# Gluten-free baking without rice flour or quinoa flour



## Katc8910 (Dec 17, 2008)

In light of all the information about arsenic in rice, I am looking for a gluten-free baking cookbook that does not use rice flour as an ingredient. I am finding that just replacing rice flour with another kind does not always produce the same results and am looking for rice-flour-free baking recipes. Also cannot use quinoa flour.

Thank you!


----------



## mary3mama (Apr 2, 2004)

You might look for cookbooks that primarily focus on using almond and/or coconut flours. I'm looking forward to the Wheat Belly Cookbook, scheduled to publish late next month. By the author of Wheat Belly. He includes several recipes at the end of WB. And is clear throughout of his opinion that the various replacement starches and flours from potato and rice, etc are not healthy.
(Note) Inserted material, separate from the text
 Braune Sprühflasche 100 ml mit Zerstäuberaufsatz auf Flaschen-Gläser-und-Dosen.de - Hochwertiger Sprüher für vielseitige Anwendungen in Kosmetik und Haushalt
Not trying to promote WB or the cookbook -- just offering a resource that might be useful. (And I haven't seen the cookbook yet...so I'm just guessing....)


----------



## Katc8910 (Dec 17, 2008)

I'm not familiar with the WB book, but I'll definitely check it out. We already use almond and coconut flours, but I need some new recipes! Thanks for the book suggestion.


----------



## sahmmie (Jan 13, 2008)

Quote:


> Originally Posted by *mary3mama*
> 
> You might look for cookbooks that primarily focus on using almond and/or coconut flours. I'm looking forward to the Wheat Belly Cookbook, scheduled to publish late next month. By the author of Wheat Belly. He includes several recipes at the end of WB. And is clear throughout of his opinion that the various replacement starches and flours from potato and rice, etc are not healthy.
> Not trying to promote WB or the cookbook -- just offering a resource that might be useful. (And I haven't seen the cookbook yet...so I'm just guessing....)


I just ordered Wheat Belly. I can't wait to read it.
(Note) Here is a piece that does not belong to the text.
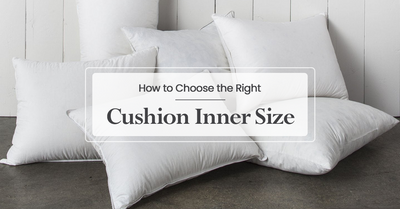 How to Choose the Right Cushion inner Size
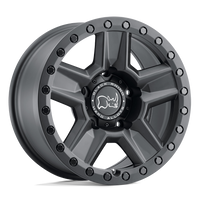 Black Rhino Hard Alloys RAVINE Matte Black wheel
Do you have any idea which products he DOES think are good replacement starches?


----------



## mary3mama (Apr 2, 2004)

Sorry -- didn't get notice of a reply.....

Coconut and almond flours.


----------



## allnaturalmom (May 31, 2006)

I've been using a lot of buckwheat flour lately. Have you tried that yet? Usually get good results. I use corn flour, too, and like it.

Also, I've used gf oats/oat flour... but I know they are "iffy" for some people.

I don't do rice or quinoa either and the nut and coconut flours don't usually appeal to me. The only exception is one recipe for almond cookies, but I rarely make it... save it for special occassions.

gl

hth


----------



## Katc8910 (Dec 17, 2008)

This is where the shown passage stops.